Improving coin selection in BDK

My experience improving coin selection in the BDK project.

Improving coin selection in BDK
Coin Selection in Bitcoin Dev Kit

By C├ęsar Alvarez Vallero
Summer of Bitcoin '22

As a project designed to be used in wallet development, one of the main things that BDK provides is the coin selection module. The purpose of the module is to select the group of utxos to use as inputs for the transaction. When you coin select you must consider cost, size and traceability.

What are those costs?

Principally fees. Determined by the satisfactory size required of each of the inputs as well as the change outputs generated. Change outputs are not part of the inputs, but they must be considered during coin selection because they affect the feerate of the transaction and will be used in future transactions as inputs.For example, if you create change outputs every time, you'll probably end up with a lot of very small UTXOs. The smaller the UTXO, the greater the proportion of fees spent to use that UTXO, depending on the fee rate.

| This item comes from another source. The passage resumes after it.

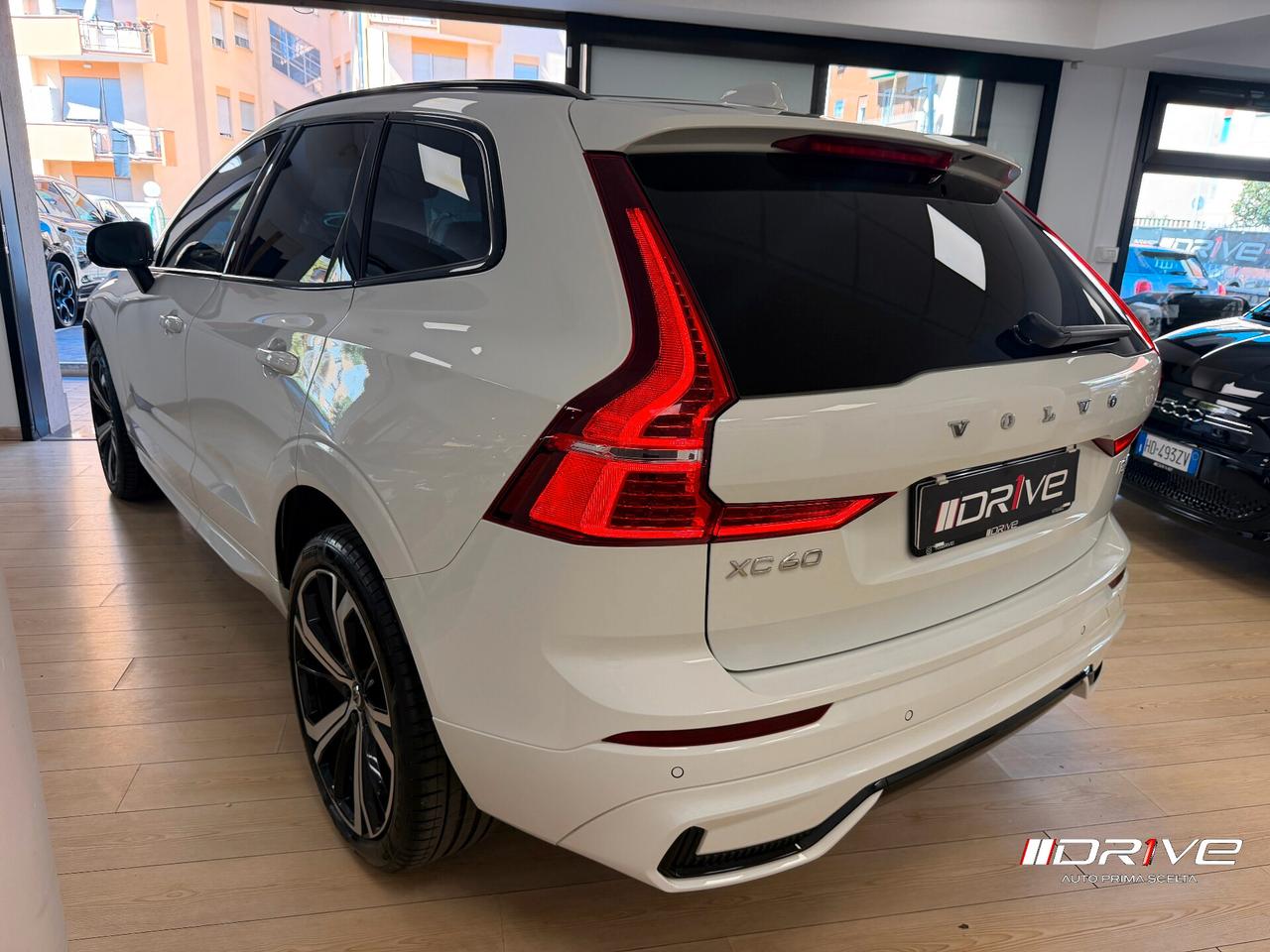 VOLVO XC60 (2017-->) XC60 B4 (d) AWD Geartronic...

What do we mean by "size" considerations?

Here we are not referring to the size in MB of the transaction, as that is addressed by the associated fees. Here, "size" is the number of new UTXOs created by each transaction. It has a direct impact on the size of the UTXO set maintained by each node.

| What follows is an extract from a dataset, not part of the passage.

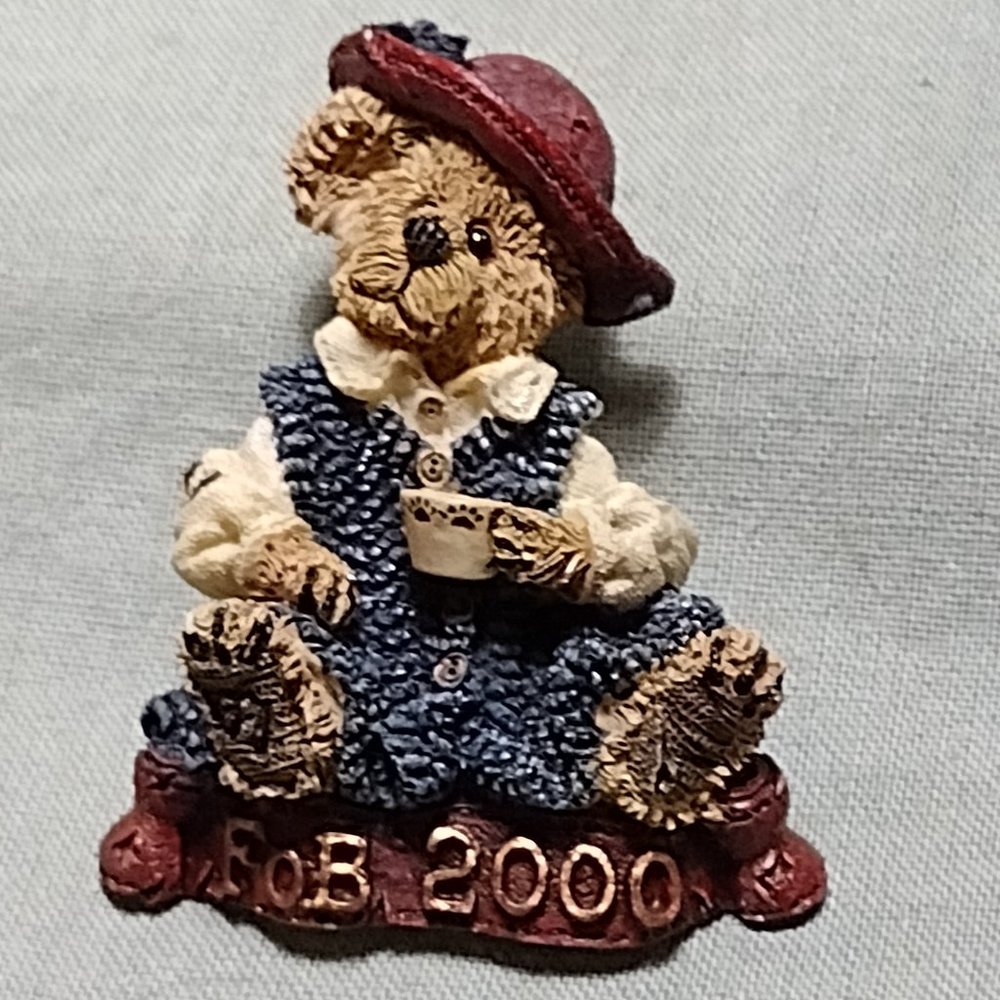 F.O.B. 2000 pin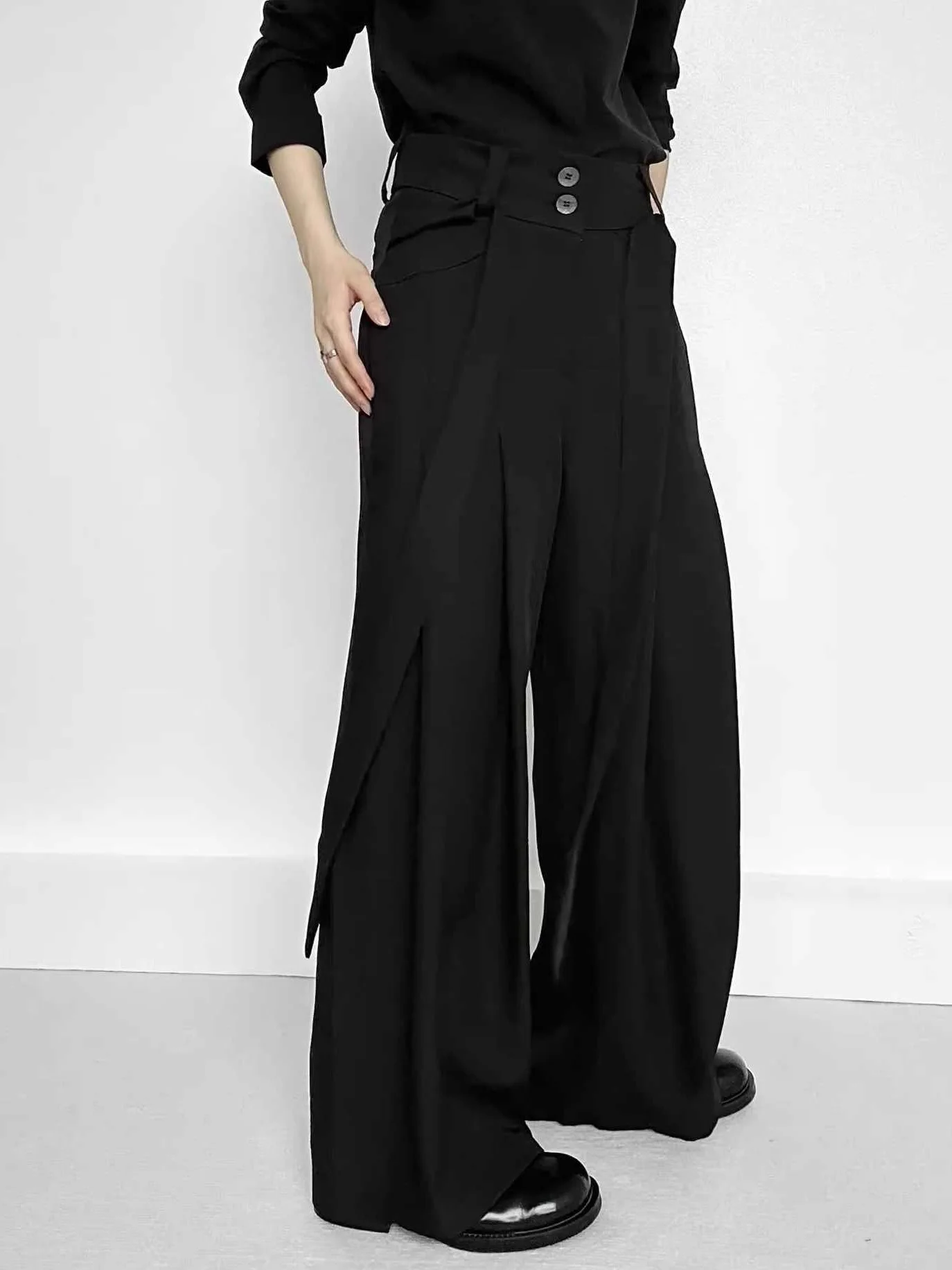 Мужские широкие брюки Bla с драпировкой и дизайнерским акцентом, нейтральные, весенне-осенние, премиум-класса, модный тренд
Мужские широкие брюки Bla с драпировкой и дизайнерским акцентом, нейтральные, весенне-осенние, премиум-класса, модный тренд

What is this traceability thing?

Certain companies sell services whose purpose is to link address with their owners, harming the fungibility of some bitcoins and attacking the privacy of the users. There are some things that coin selection can do to make privacy leaking harder. For example, not creating change outputs, avoiding mixing UTXOs belonging to different owned addresses in the same transaction, or the total expenditure of the related utxos.

Besides the algorithm you use to coin select, which can impact some of the things described above, other code changes also have implications. The following sections will describe some of those changes and why they have been done or could be added.

Waste

One of the changes projected for the coin_selection module is the addition of the Waste metric, and its use in optimizing coin selection in relation to the fee costs.

Waste is a metric introduced by the BnB algorithm as part of its bounding procedure. Later, it was included as a high-level function to use in comparison of different coin selection algorithms in Bitcoin Core.

How it works?

We can describe waste as the sum of two values: creation cost and timing cost.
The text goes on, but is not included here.